### ABOUT THIS EXERCISE:
All lines below are to be transcribed exactly.

### RECORDS FOR THE TASK:
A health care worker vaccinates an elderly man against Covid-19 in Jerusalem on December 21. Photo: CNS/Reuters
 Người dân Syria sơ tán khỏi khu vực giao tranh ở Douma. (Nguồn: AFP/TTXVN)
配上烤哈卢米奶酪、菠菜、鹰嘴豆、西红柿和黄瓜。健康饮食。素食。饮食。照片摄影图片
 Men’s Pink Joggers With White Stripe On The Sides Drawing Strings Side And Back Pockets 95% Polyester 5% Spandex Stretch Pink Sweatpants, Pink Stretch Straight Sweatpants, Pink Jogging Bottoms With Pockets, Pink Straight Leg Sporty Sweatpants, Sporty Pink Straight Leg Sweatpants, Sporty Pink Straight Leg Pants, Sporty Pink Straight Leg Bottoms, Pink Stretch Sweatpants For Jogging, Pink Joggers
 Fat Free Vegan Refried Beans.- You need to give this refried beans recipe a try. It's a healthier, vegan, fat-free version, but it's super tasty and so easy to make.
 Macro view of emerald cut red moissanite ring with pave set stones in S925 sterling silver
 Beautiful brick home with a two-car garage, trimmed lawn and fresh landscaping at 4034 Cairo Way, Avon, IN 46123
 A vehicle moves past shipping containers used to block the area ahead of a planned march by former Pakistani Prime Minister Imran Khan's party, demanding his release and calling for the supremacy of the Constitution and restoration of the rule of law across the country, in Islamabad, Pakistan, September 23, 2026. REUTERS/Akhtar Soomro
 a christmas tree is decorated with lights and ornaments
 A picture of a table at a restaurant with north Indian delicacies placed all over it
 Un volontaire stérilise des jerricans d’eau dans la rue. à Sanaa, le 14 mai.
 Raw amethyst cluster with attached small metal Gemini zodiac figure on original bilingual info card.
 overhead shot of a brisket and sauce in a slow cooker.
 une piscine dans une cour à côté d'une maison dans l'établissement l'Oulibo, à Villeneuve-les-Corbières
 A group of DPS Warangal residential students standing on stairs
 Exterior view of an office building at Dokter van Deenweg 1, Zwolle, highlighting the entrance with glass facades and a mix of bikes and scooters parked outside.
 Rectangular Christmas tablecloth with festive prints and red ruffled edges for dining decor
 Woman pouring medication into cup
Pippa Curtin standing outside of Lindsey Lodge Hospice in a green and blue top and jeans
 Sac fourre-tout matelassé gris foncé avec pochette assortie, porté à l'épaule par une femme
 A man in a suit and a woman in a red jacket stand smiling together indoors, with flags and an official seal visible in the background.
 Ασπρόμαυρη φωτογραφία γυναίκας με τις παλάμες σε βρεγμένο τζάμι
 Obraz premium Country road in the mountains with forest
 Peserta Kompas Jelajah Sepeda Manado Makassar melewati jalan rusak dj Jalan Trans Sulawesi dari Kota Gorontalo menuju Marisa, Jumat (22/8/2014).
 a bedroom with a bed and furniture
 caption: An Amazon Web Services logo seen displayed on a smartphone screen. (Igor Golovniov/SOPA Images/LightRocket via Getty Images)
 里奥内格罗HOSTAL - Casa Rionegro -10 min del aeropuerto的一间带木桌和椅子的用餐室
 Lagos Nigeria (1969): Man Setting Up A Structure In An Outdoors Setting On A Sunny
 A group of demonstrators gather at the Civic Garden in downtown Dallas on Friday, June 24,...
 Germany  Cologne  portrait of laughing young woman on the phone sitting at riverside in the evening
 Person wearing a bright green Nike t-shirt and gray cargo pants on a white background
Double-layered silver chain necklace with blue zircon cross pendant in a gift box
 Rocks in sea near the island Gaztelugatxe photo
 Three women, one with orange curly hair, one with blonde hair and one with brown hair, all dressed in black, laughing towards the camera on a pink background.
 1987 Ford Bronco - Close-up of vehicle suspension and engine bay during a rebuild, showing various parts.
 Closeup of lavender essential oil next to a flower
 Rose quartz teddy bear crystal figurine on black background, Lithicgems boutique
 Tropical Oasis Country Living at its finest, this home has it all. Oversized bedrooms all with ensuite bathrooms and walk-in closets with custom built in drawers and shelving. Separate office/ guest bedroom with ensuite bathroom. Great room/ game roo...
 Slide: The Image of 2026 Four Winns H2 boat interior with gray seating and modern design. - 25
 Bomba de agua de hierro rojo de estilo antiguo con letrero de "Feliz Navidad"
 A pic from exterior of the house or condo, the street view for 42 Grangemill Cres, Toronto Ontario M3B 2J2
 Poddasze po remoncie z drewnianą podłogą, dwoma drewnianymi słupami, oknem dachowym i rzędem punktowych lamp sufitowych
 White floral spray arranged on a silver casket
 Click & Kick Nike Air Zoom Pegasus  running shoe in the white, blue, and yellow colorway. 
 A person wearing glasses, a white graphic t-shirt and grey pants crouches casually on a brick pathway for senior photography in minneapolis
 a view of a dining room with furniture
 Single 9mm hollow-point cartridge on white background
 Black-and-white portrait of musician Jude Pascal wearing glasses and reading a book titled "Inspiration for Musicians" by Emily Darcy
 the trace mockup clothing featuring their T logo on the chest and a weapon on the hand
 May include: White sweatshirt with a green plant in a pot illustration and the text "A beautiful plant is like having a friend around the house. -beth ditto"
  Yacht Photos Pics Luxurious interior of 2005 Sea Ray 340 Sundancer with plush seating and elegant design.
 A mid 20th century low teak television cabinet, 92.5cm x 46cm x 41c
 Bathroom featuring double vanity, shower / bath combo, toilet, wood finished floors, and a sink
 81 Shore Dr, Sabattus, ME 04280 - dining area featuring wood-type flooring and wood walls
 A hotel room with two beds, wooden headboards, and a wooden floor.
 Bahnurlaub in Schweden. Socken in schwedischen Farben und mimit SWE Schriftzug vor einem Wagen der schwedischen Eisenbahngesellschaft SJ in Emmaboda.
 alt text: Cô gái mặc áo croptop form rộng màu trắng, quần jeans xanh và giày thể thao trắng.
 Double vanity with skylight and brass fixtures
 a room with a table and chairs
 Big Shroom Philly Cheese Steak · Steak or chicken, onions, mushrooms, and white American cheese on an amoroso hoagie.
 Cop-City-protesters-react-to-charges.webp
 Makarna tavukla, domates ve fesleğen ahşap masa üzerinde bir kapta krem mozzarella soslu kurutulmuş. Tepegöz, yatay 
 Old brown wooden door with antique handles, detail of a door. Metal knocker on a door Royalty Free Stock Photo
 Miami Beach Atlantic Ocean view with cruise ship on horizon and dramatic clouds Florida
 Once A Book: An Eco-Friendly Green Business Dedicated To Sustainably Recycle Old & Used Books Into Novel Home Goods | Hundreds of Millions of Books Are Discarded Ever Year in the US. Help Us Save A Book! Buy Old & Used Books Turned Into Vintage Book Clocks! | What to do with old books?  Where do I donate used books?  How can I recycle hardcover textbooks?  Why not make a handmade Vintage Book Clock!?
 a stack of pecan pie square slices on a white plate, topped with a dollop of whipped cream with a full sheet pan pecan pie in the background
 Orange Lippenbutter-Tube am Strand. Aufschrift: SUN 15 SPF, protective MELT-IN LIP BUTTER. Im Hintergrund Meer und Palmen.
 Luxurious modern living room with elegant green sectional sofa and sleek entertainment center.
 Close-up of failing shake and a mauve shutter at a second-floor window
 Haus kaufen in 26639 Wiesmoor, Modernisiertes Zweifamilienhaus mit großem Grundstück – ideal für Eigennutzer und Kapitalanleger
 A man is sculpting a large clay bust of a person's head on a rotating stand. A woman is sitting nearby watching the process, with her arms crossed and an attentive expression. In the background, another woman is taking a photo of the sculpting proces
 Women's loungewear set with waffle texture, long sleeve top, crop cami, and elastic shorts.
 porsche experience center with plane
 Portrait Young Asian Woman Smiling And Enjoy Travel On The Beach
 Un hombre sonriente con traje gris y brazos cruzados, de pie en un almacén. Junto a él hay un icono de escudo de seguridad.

### OUTPUT OF THE TASK:
A health care worker vaccinates an elderly man against Covid-19 in Jerusalem on December 21. Photo: CNS/Reuters
 Người dân Syria sơ tán khỏi khu vực giao tranh ở Douma. (Nguồn: AFP/TTXVN)
配上烤哈卢米奶酪、菠菜、鹰嘴豆、西红柿和黄瓜。健康饮食。素食。饮食。照片摄影图片
 Men’s Pink Joggers With White Stripe On The Sides Drawing Strings Side And Back Pockets 95% Polyester 5% Spandex Stretch Pink Sweatpants, Pink Stretch Straight Sweatpants, Pink Jogging Bottoms With Pockets, Pink Straight Leg Sporty Sweatpants, Sporty Pink Straight Leg Sweatpants, Sporty Pink Straight Leg Pants, Sporty Pink Straight Leg Bottoms, Pink Stretch Sweatpants For Jogging, Pink Joggers
 Fat Free Vegan Refried Beans.- You need to give this refried beans recipe a try. It's a healthier, vegan, fat-free version, but it's super tasty and so easy to make.
 Macro view of emerald cut red moissanite ring with pave set stones in S925 sterling silver
 Beautiful brick home with a two-car garage, trimmed lawn and fresh landscaping at 4034 Cairo Way, Avon, IN 46123
 A vehicle moves past shipping containers used to block the area ahead of a planned march by former Pakistani Prime Minister Imran Khan's party, demanding his release and calling for the supremacy of the Constitution and restoration of the rule of law across the country, in Islamabad, Pakistan, September 23, 2026. REUTERS/Akhtar Soomro
 a christmas tree is decorated with lights and ornaments
 A picture of a table at a restaurant with north Indian delicacies placed all over it
 Un volontaire stérilise des jerricans d’eau dans la rue. à Sanaa, le 14 mai.
 Raw amethyst cluster with attached small metal Gemini zodiac figure on original bilingual info card.
 overhead shot of a brisket and sauce in a slow cooker.
 une piscine dans une cour à côté d'une maison dans l'établissement l'Oulibo, à Villeneuve-les-Corbières
 A group of DPS Warangal residential students standing on stairs
 Exterior view of an office building at Dokter van Deenweg 1, Zwolle, highlighting the entrance with glass facades and a mix of bikes and scooters parked outside.
 Rectangular Christmas tablecloth with festive prints and red ruffled edges for dining decor
 Woman pouring medication into cup
Pippa Curtin standing outside of Lindsey Lodge Hospice in a green and blue top and jeans
 Sac fourre-tout matelassé gris foncé avec pochette assortie, porté à l'épaule par une femme
 A man in a suit and a woman in a red jacket stand smiling together indoors, with flags and an official seal visible in the background.
 Ασπρόμαυρη φωτογραφία γυναίκας με τις παλάμες σε βρεγμένο τζάμι
 Obraz premium Country road in the mountains with forest
 Peserta Kompas Jelajah Sepeda Manado Makassar melewati jalan rusak dj Jalan Trans Sulawesi dari Kota Gorontalo menuju Marisa, Jumat (22/8/2014).
 a bedroom with a bed and furniture
 caption: An Amazon Web Services logo seen displayed on a smartphone screen. (Igor Golovniov/SOPA Images/LightRocket via Getty Images)
 里奥内格罗HOSTAL - Casa Rionegro -10 min del aeropuerto的一间带木桌和椅子的用餐室
 Lagos Nigeria (1969): Man Setting Up A Structure In An Outdoors Setting On A Sunny
 A group of demonstrators gather at the Civic Garden in downtown Dallas on Friday, June 24,...
 Germany  Cologne  portrait of laughing young woman on the phone sitting at riverside in the evening
 Person wearing a bright green Nike t-shirt and gray cargo pants on a white background
Double-layered silver chain necklace with blue zircon cross pendant in a gift box
 Rocks in sea near the island Gaztelugatxe photo
 Three women, one with orange curly hair, one with blonde hair and one with brown hair, all dressed in black, laughing towards the camera on a pink background.
 1987 Ford Bronco - Close-up of vehicle suspension and engine bay during a rebuild, showing various parts.
 Closeup of lavender essential oil next to a flower
 Rose quartz teddy bear crystal figurine on black background, Lithicgems boutique
 Tropical Oasis Country Living at its finest, this home has it all. Oversized bedrooms all with ensuite bathrooms and walk-in closets with custom built in drawers and shelving. Separate office/ guest bedroom with ensuite bathroom. Great room/ game roo...
 Slide: The Image of 2026 Four Winns H2 boat interior with gray seating and modern design. - 25
 Bomba de agua de hierro rojo de estilo antiguo con letrero de "Feliz Navidad"
 A pic from exterior of the house or condo, the street view for 42 Grangemill Cres, Toronto Ontario M3B 2J2
 Poddasze po remoncie z drewnianą podłogą, dwoma drewnianymi słupami, oknem dachowym i rzędem punktowych lamp sufitowych
 White floral spray arranged on a silver casket
 Click & Kick Nike Air Zoom Pegasus  running shoe in the white, blue, and yellow colorway. 
 A person wearing glasses, a white graphic t-shirt and grey pants crouches casually on a brick pathway for senior photography in minneapolis
 a view of a dining room with furniture
 Single 9mm hollow-point cartridge on white background
 Black-and-white portrait of musician Jude Pascal wearing glasses and reading a book titled "Inspiration for Musicians" by Emily Darcy
 the trace mockup clothing featuring their T logo on the chest and a weapon on the hand
 May include: White sweatshirt with a green plant in a pot illustration and the text "A beautiful plant is like having a friend around the house. -beth ditto"
  Yacht Photos Pics Luxurious interior of 2005 Sea Ray 340 Sundancer with plush seating and elegant design.
 A mid 20th century low teak television cabinet, 92.5cm x 46cm x 41c
 Bathroom featuring double vanity, shower / bath combo, toilet, wood finished floors, and a sink
 81 Shore Dr, Sabattus, ME 04280 - dining area featuring wood-type flooring and wood walls
 A hotel room with two beds, wooden headboards, and a wooden floor.
 Bahnurlaub in Schweden. Socken in schwedischen Farben und mimit SWE Schriftzug vor einem Wagen der schwedischen Eisenbahngesellschaft SJ in Emmaboda.
 alt text: Cô gái mặc áo croptop form rộng màu trắng, quần jeans xanh và giày thể thao trắng.
 Double vanity with skylight and brass fixtures
 a room with a table and chairs
 Big Shroom Philly Cheese Steak · Steak or chicken, onions, mushrooms, and white American cheese on an amoroso hoagie.
 Cop-City-protesters-react-to-charges.webp
 Makarna tavukla, domates ve fesleğen ahşap masa üzerinde bir kapta krem mozzarella soslu kurutulmuş. Tepegöz, yatay 
 Old brown wooden door with antique handles, detail of a door. Metal knocker on a door Royalty Free Stock Photo
 Miami Beach Atlantic Ocean view with cruise ship on horizon and dramatic clouds Florida
 Once A Book: An Eco-Friendly Green Business Dedicated To Sustainably Recycle Old & Used Books Into Novel Home Goods | Hundreds of Millions of Books Are Discarded Ever Year in the US. Help Us Save A Book! Buy Old & Used Books Turned Into Vintage Book Clocks! | What to do with old books?  Where do I donate used books?  How can I recycle hardcover textbooks?  Why not make a handmade Vintage Book Clock!?
 a stack of pecan pie square slices on a white plate, topped with a dollop of whipped cream with a full sheet pan pecan pie in the background
 Orange Lippenbutter-Tube am Strand. Aufschrift: SUN 15 SPF, protective MELT-IN LIP BUTTER. Im Hintergrund Meer und Palmen.
 Luxurious modern living room with elegant green sectional sofa and sleek entertainment center.
 Close-up of failing shake and a mauve shutter at a second-floor window
 Haus kaufen in 26639 Wiesmoor, Modernisiertes Zweifamilienhaus mit großem Grundstück – ideal für Eigennutzer und Kapitalanleger
 A man is sculpting a large clay bust of a person's head on a rotating stand. A woman is sitting nearby watching the process, with her arms crossed and an attentive expression. In the background, another woman is taking a photo of the sculpting proces
 Women's loungewear set with waffle texture, long sleeve top, crop cami, and elastic shorts.
 porsche experience center with plane
 Portrait Young Asian Woman Smiling And Enjoy Travel On The Beach
 Un hombre sonriente con traje gris y brazos cruzados, de pie en un almacén. Junto a él hay un icono de escudo de seguridad.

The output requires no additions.